→ **What the task asks**
Exact copy, no pictures: return only the lines below from the line with "美容整体ユメカ(美容整体YUMEKA)/骨盤ダイエット+骨盤ストレッチ" up to and including the line with "Lamine Diş Kaplama Blog Lamine".

→ **Data excerpts**
•••

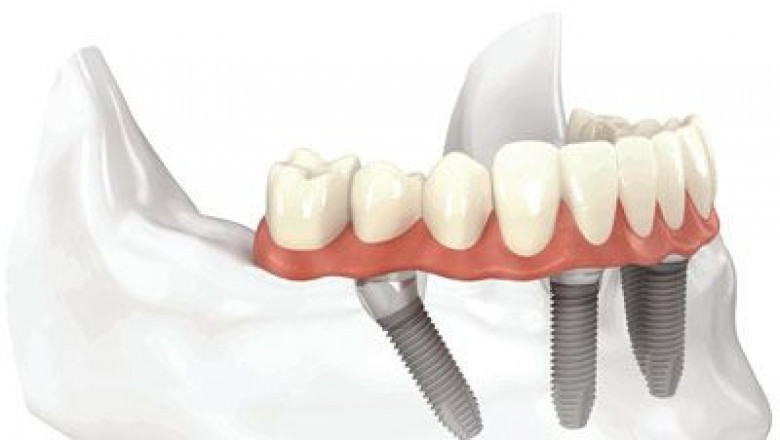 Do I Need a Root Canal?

•••

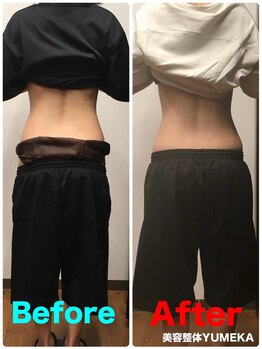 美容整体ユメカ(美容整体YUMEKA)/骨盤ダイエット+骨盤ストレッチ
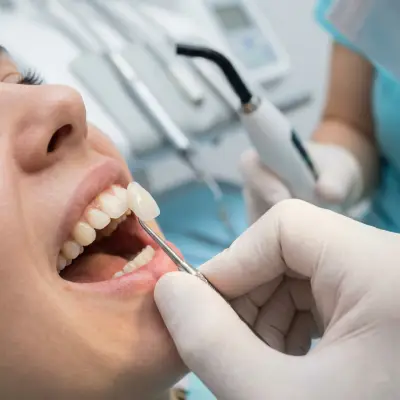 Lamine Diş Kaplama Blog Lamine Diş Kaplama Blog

•••

→ **Response**
 美容整体ユメカ(美容整体YUMEKA)/骨盤ダイエット+骨盤ストレッチ
 Lamine Diş Kaplama Blog Lamine Diş Kaplama Blog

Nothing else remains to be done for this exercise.